> _RECORDS FOR THE EXERCISE_
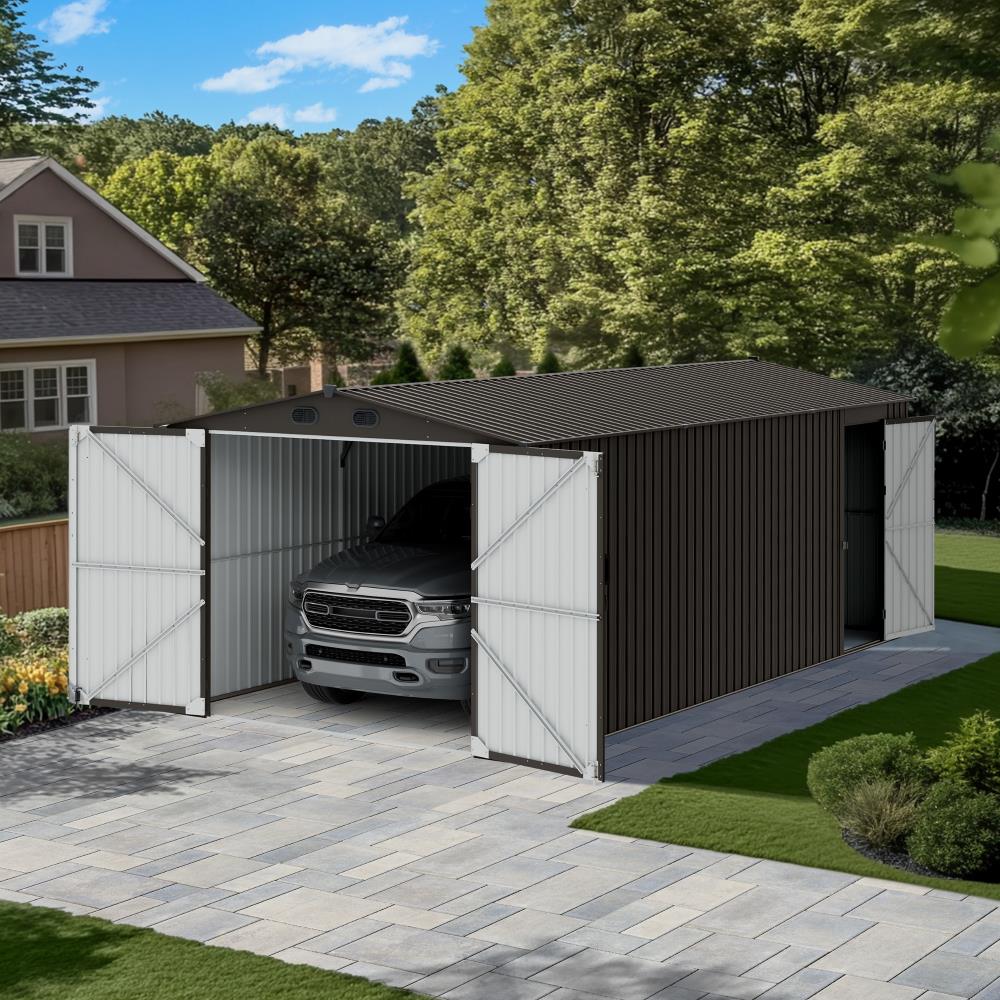 SUNJOY 10x20 Storage Shed Kits with Lockable Doors and Vents.
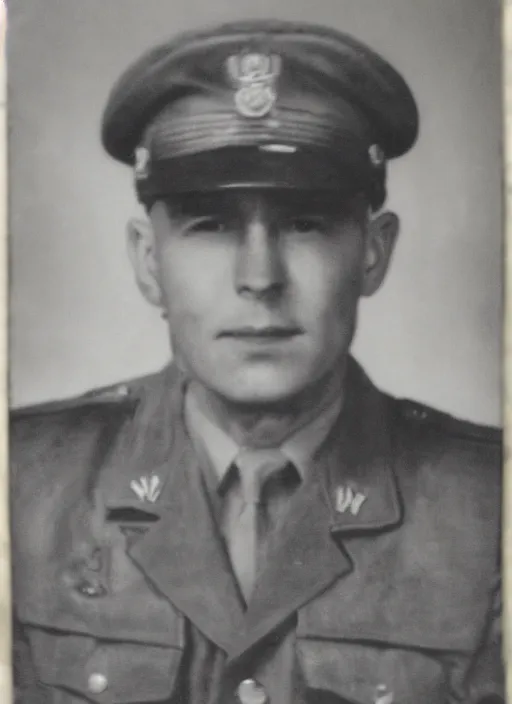 Image similar to grainy old 1940’s WWII military portrait, professional portrait HD, authentic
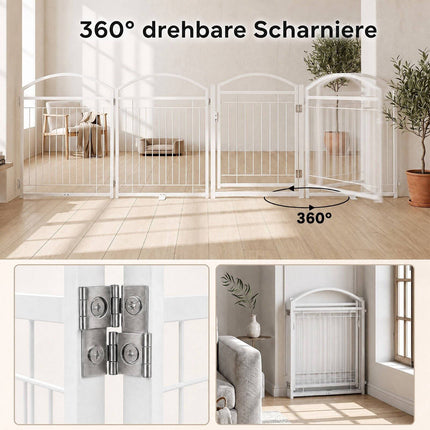 Foldable 4-Panel Dog Gate with Door, 81 cm, White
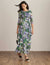 Anne Klein Violet Dawn Multi Printed Mesh Maxi Dress With 3/4 Sleeves
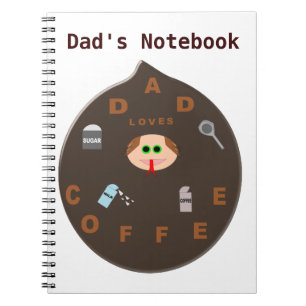 Funny Dad Monster Loves Coffee Customisable N Spiral Notebook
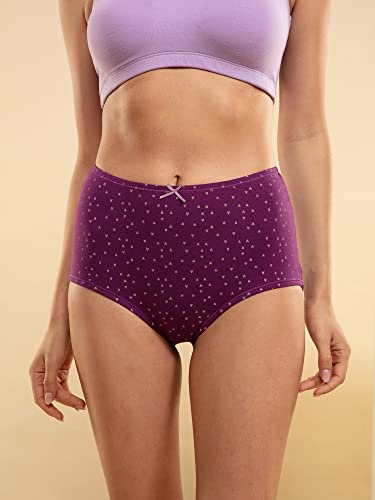 Image of NYKD NYP104 High Rise Stretch Cotton Full Coverage Full Brief with Consealed Waistband-Pack of 3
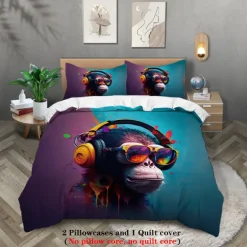 Cool Earphones Monkey Printed 3-Piece Down Duvet Set Hotel Bedroom Room Luxury Bedding Comfortable Set 1 Down Duvet Set 2 Pillowcase Queen Bed Set 2 Piece Set 3 Piece Set Intimate Grinding Soft Short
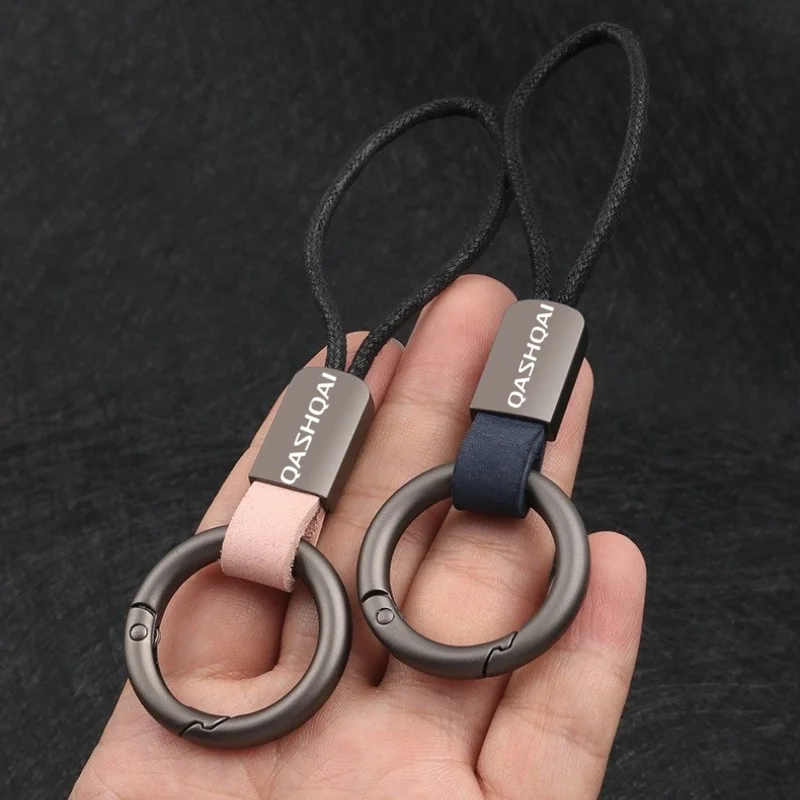 Genuine Leather Keychain Simple Lanyard Keyring for Qashqai J10 J11 Car Key Holder Key Cover Auto Keyring Accessories Gifts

> _TASK BRIEF_
Please transcribe word for word the lines from the one bearing "Image similar to" through the last line of the records above, omitting the pictures.

> _SOLUTION FOR THIS EXERCISE_
 Image similar to grainy old 1940’s WWII military portrait, professional portrait HD, authentic
 Foldable 4-Panel Dog Gate with Door, 81 cm, White
 Anne Klein Violet Dawn Multi Printed Mesh Maxi Dress With 3/4 Sleeves
 Funny Dad Monster Loves Coffee Customisable N Spiral Notebook
 Image of NYKD NYP104 High Rise Stretch Cotton Full Coverage Full Brief with Consealed Waistband-Pack of 3
 Cool Earphones Monkey Printed 3-Piece Down Duvet Set Hotel Bedroom Room Luxury Bedding Comfortable Set 1 Down Duvet Set 2 Pillowcase Queen Bed Set 2 Piece Set 3 Piece Set Intimate Grinding Soft Short
 Genuine Leather Keychain Simple Lanyard Keyring for Qashqai J10 J11 Car Key Holder Key Cover Auto Keyring Accessories Gifts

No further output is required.